▸ About this task: Take every record and write it out again exactly, with no images included.

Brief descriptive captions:

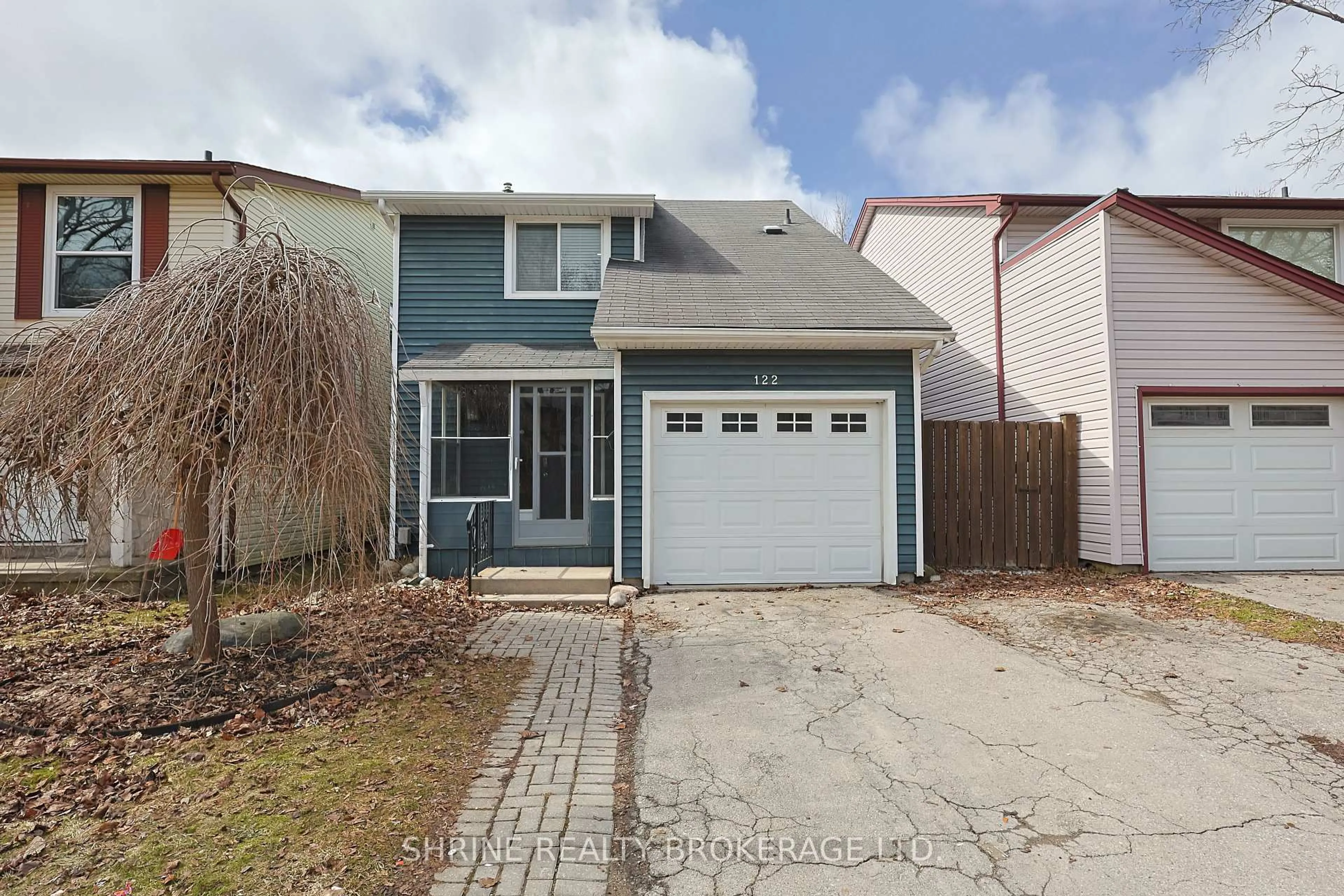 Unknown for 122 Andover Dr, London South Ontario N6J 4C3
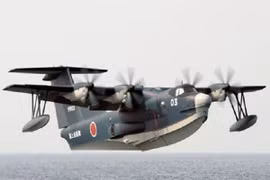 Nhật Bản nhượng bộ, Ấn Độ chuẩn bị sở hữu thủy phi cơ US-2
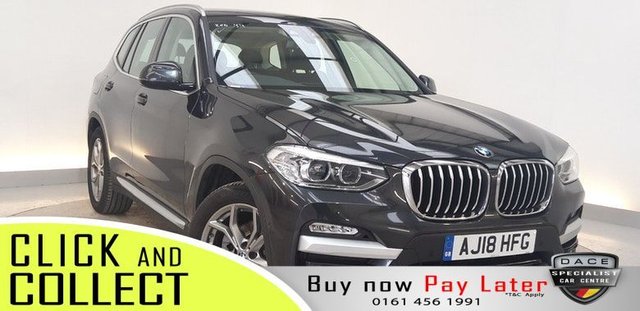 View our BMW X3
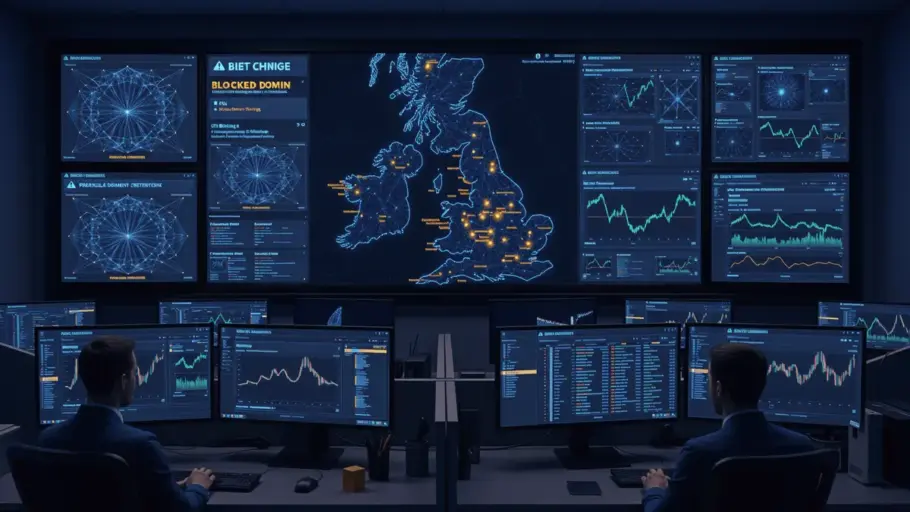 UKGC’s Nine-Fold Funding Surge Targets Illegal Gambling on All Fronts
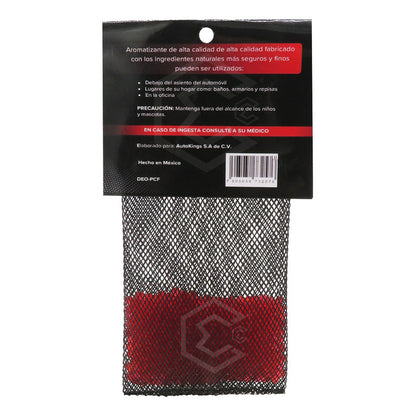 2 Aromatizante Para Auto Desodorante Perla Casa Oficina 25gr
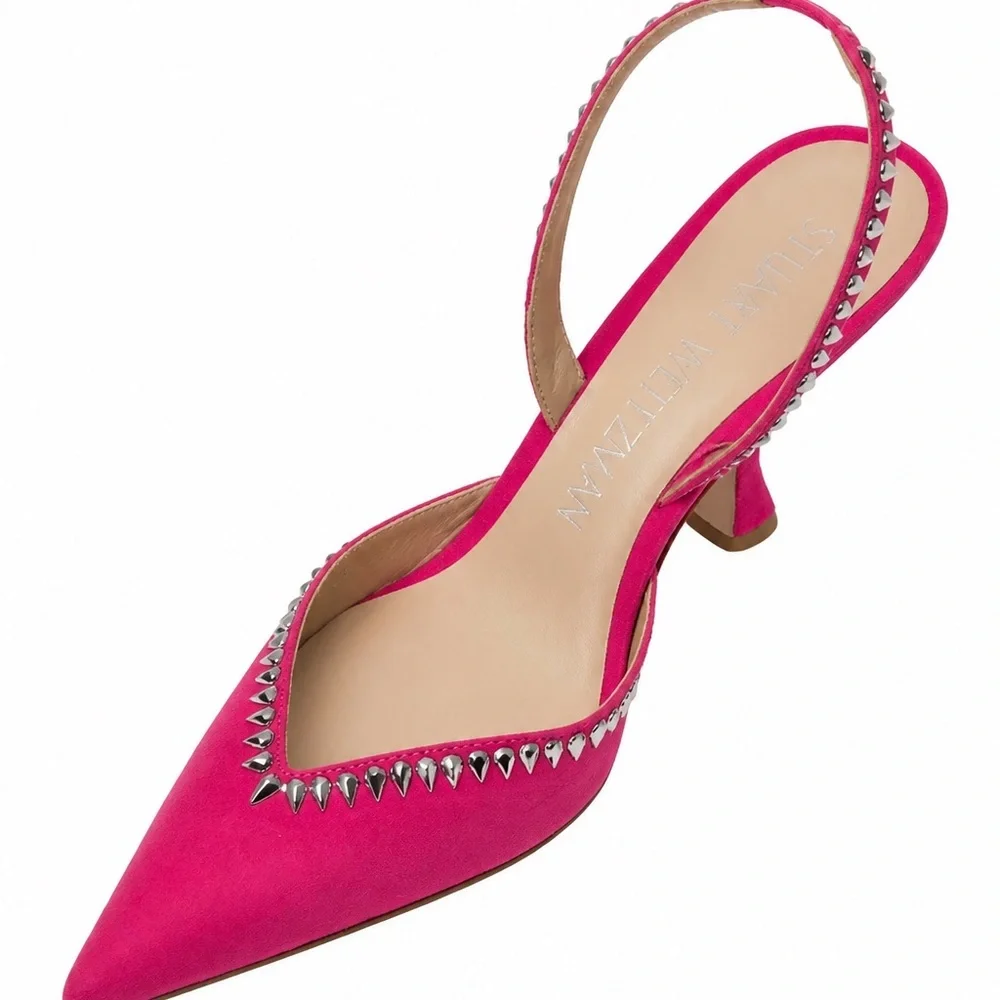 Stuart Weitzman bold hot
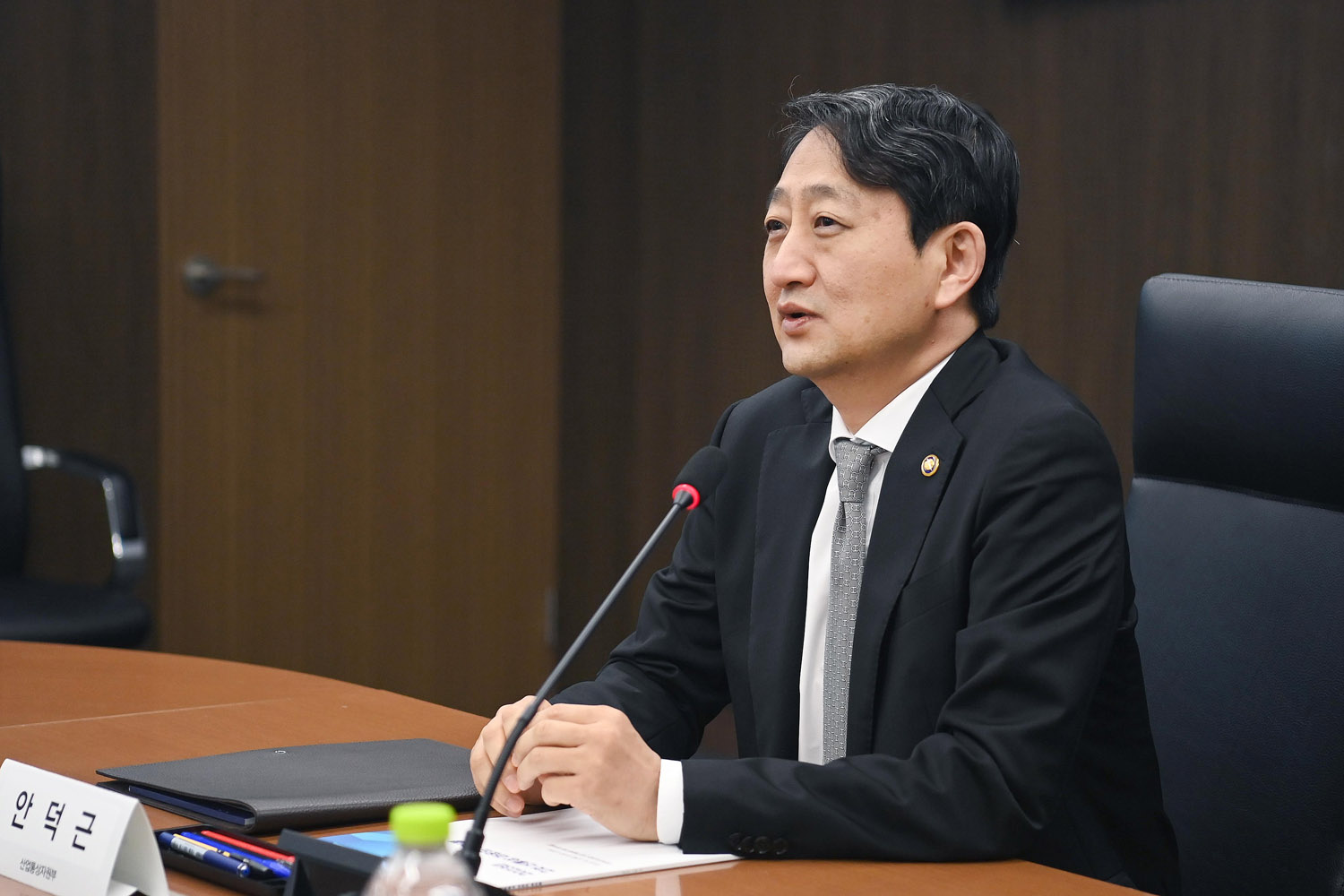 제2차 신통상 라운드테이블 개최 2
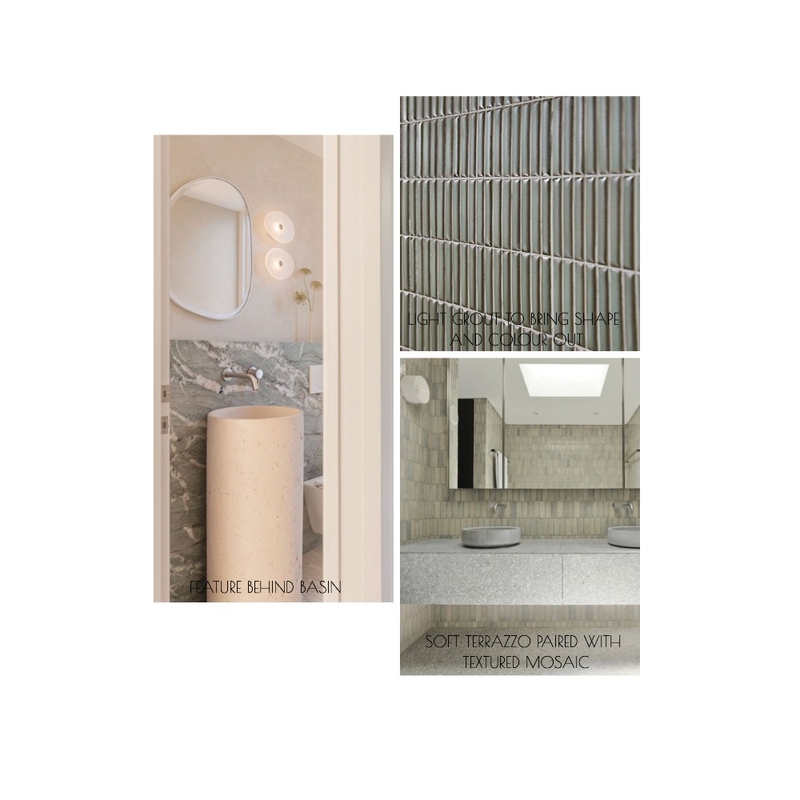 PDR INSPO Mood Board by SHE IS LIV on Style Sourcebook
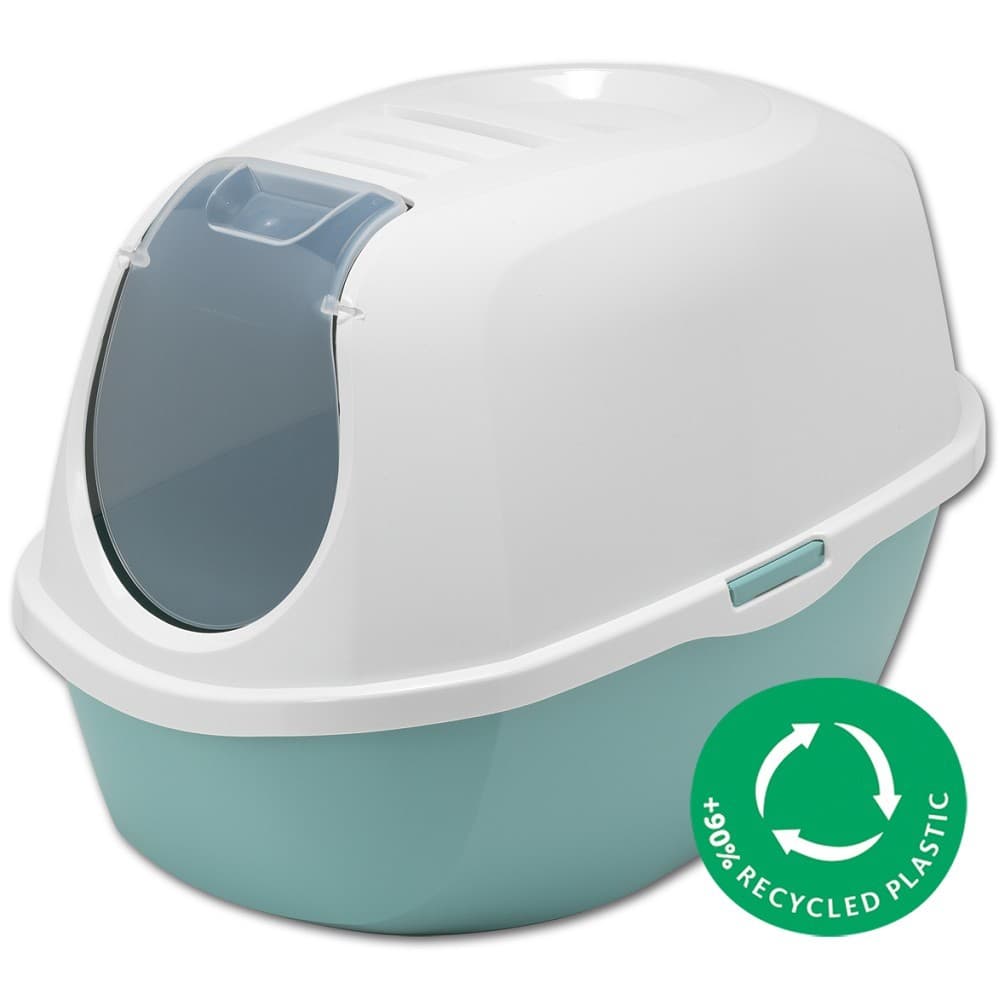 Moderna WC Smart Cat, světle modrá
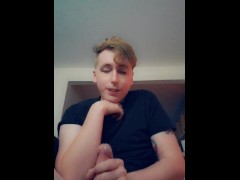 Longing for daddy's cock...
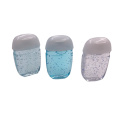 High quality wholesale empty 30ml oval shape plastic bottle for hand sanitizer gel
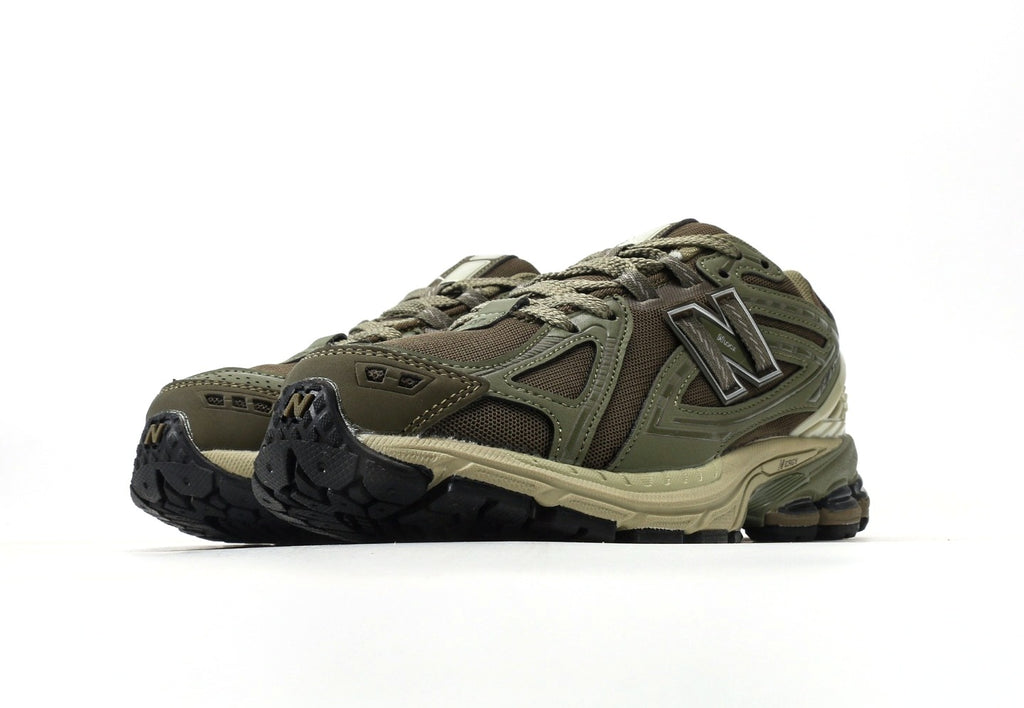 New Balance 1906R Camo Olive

▸ Answer section:
 Unknown for 122 Andover Dr, London South Ontario N6J 4C3
 Nhật Bản nhượng bộ, Ấn Độ chuẩn bị sở hữu thủy phi cơ US-2
 View our BMW X3
 UKGC’s Nine-Fold Funding Surge Targets Illegal Gambling on All Fronts
 2 Aromatizante Para Auto Desodorante Perla Casa Oficina 25gr
 Stuart Weitzman bold hot
 제2차 신통상 라운드테이블 개최 2
 PDR INSPO Mood Board by SHE IS LIV on Style Sourcebook
 Moderna WC Smart Cat, světle modrá
 Longing for daddy's cock...
 High quality wholesale empty 30ml oval shape plastic bottle for hand sanitizer gel
 New Balance 1906R Camo Olive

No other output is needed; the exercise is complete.